The idea of globally managing the network resources has been around, but never did reach the stage of being implemented for two reasons, incorporating the global services into the existing array of computers with varied Operating Systems wasn't seen as a simple task and also due to the aesthetics of resource sharing.

In order to implement the GLUnix, complete changes can be made to the existing OS to avoid salvaging or building artifacts, to meet the NOWs requirement and reimplementing the existing working software. This defeats the ideology on which the functioning of NOW is based upon. With respect to hardware, the premise under which we defined the NOWs in section 2.3 is that they are networked systems from existing hardware to increase the performance/ cost ratio. Same holds good for the software and so the existing OS of the host shouldn't be tampered with. The global unix layer has to be above the OS of the system and is OS independent, meaning that the GLUnix can run on DOS, Windows NT and the like. This efficient layering has been enabled by the software fault isolation. By modifying the code and placing a check at every memory store, the user and the implementation can be isolated.
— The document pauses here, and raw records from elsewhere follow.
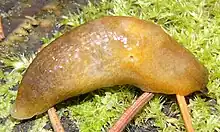 Lemon slug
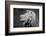 Lion of the Art Institute Chicago BW-Steve Gadomski-Framed Photographic Print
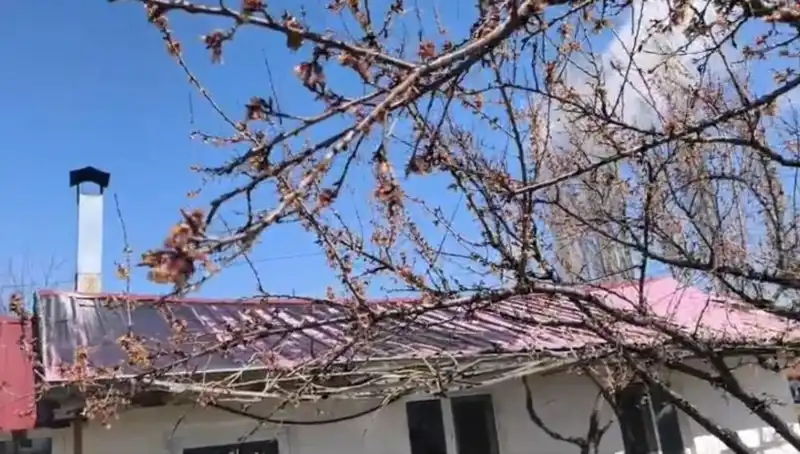 Dondurucu Soğuk Kayısı Üretimini Tehdit Ediyor: Verim Düşüyor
Interactive users are peeved by the sharing of resources, as they fear that their resources might not be available to them and response time might be affected when a demanding job is being run. The supercomputer users perceive NOW suspiciously, fearing that the interactive users will have priority over their CPU demanding applications.

An important concept that comes to the rescue is process migration. When the interactive local user returns, the external processes of an idle machine are migrated. Currently if a demanding job is run on an idle machine all the memory pages and file cache contents are wiped out. Instead the memory contents can be saved, so that the state of the machine can be returned to the interactive user. With ATM bandwidth and a parallel file system, 64 Mbytes of DRAM can be restored in under 4 seconds.

Many parallel programs run as fast as their slowest program in addition to serving for interactive computing and this could be a compromise on the advantages of parallel computing. Thus the processes running on a no longer idle machine have to be migrated to another machine. It turns out that several machines on the network are usually idle and so there is usually a machine to which the evicted process can migrate.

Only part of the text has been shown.